This forces you to distinguish between:

  • “We don’t like it” (vibes)
  • “It can break here” (mechanism)

Example (in plain language):

  • Execution risk: High — enterprise sales motion with no senior GTM leader; long cycles could stall learning.

6) Structured feature encoding (so you can compare companies)

This is a categorical summary with no narrative:

  • Market Size: Small / Mid / Large
  • Market Growth: Slow / Moderate / Fast
  • Competition Intensity: Low / Medium / High
  • Product Differentiation: Weak / Moderate / Strong
  • Founder Experience: Limited / Relevant / Expert
  • Traction Level: None / Early / Scaling

Why this matters: when you’ve done 30 of these memos, feature encoding lets you compare “shapes” across deals quickly.

7) External context assessment (3–5 sentences)

Answer:

  • Does macro/funding/industry context strengthen or weaken the thesis?
  • Is timing favorable (regulatory change, platform shift, buyer urgency, budget cycles)?
  • Any headwinds that directly slow adoption or compress multiples?

Don’t overthink this. It’s a pressure test, not a research report.

8) Integrated assessment: weighted score + recommendation

Use weighted scoring:

  • Market 30%
  • Product 30%
  • Founder–Idea Fit 25%
  • External Context 15%

Show the calculation clearly (no hand-waving).
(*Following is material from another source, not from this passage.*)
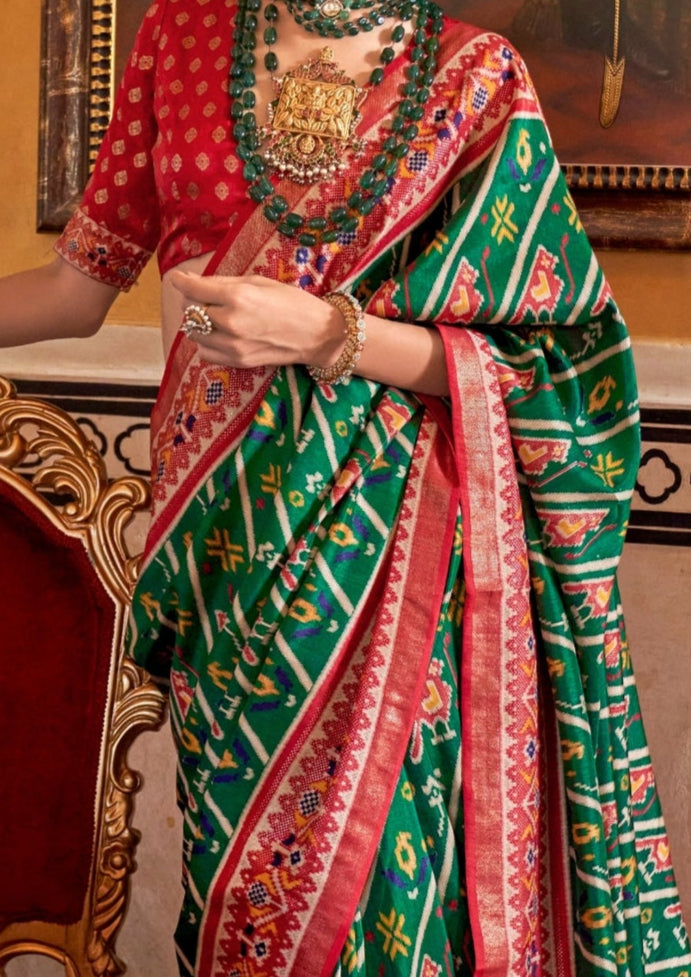 Super PV Silk Patola Design Dark Green Saree With Contrast Border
Then write 5–7 sentences that cover:

  • Why this matters
  • What must go right
  • Primary risk
  • Why this team can/cannot win
  • Clear recommendation: Invest / Pass / Monitor

Rule of thumb

  • Invest when you have: big market + real wedge + credible team + early proof
  • Monitor when one key piece is missing but plausibly fixable soon
  • Pass when the constraints are structural (market ceiling, commodity product, or team mismatch)

Common failure modes (and how to avoid them)

  1. Confusing pilots with PMF
    Logos without retention/expansion are not proof. Treat them as interest, not adoption.
  2. Believing TAM math
    If TAM requires multiple adjacent markets to become one, discount heavily.
  3. Calling “AI” a moat
    Moat is distribution, workflow lock-in, data advantage, or switching costs—not a model choice.
  4. Skipping the “what must go right” sentence
    If you can’t state the critical path, you can’t evaluate risk.
  5. Over-scoring charismatic founders
    FIFS should be about unfair advantage, not presence.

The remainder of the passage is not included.